-------- AVAILABLE DATA

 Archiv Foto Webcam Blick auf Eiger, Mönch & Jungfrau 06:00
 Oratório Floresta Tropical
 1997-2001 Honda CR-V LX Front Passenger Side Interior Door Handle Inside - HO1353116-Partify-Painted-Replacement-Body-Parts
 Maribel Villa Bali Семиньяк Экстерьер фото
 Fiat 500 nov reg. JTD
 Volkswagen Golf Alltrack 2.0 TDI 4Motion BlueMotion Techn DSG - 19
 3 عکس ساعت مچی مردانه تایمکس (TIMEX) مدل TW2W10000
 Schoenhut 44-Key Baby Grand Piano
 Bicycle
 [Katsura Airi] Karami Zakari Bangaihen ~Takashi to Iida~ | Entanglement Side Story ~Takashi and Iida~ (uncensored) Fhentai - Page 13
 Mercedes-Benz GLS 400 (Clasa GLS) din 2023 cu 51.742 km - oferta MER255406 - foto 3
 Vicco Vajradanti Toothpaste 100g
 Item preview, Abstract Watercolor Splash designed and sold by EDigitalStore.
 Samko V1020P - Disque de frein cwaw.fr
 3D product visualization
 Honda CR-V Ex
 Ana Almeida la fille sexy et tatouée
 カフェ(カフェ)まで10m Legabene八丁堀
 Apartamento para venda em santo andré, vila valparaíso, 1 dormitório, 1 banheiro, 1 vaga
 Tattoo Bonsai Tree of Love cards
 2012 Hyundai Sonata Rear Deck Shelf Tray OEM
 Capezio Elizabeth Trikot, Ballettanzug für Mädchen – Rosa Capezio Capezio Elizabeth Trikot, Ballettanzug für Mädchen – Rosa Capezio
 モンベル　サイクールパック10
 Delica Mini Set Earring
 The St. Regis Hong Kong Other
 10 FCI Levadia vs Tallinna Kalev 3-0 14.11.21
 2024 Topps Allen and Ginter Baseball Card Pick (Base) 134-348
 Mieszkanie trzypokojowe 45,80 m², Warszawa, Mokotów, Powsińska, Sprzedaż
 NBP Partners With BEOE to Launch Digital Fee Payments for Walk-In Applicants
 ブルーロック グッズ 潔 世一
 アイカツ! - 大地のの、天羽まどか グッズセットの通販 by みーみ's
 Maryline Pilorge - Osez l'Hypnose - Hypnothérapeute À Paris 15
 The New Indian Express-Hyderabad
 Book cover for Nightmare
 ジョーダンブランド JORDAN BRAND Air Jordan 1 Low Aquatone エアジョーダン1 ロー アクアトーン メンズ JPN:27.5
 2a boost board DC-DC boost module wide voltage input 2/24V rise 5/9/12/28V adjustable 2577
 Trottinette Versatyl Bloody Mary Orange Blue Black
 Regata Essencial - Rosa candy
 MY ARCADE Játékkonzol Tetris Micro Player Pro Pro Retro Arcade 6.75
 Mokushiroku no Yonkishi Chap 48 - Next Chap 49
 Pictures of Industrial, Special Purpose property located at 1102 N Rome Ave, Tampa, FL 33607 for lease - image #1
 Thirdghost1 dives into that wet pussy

----------------

All lines from the one containing "Mokushiroku no Yonkishi" down to the final line above are to be restated word for word; leave out the rest.

 Mokushiroku no Yonkishi Chap 48 - Next Chap 49
 Pictures of Industrial, Special Purpose property located at 1102 N Rome Ave, Tampa, FL 33607 for lease - image #1
 Thirdghost1 dives into that wet pussy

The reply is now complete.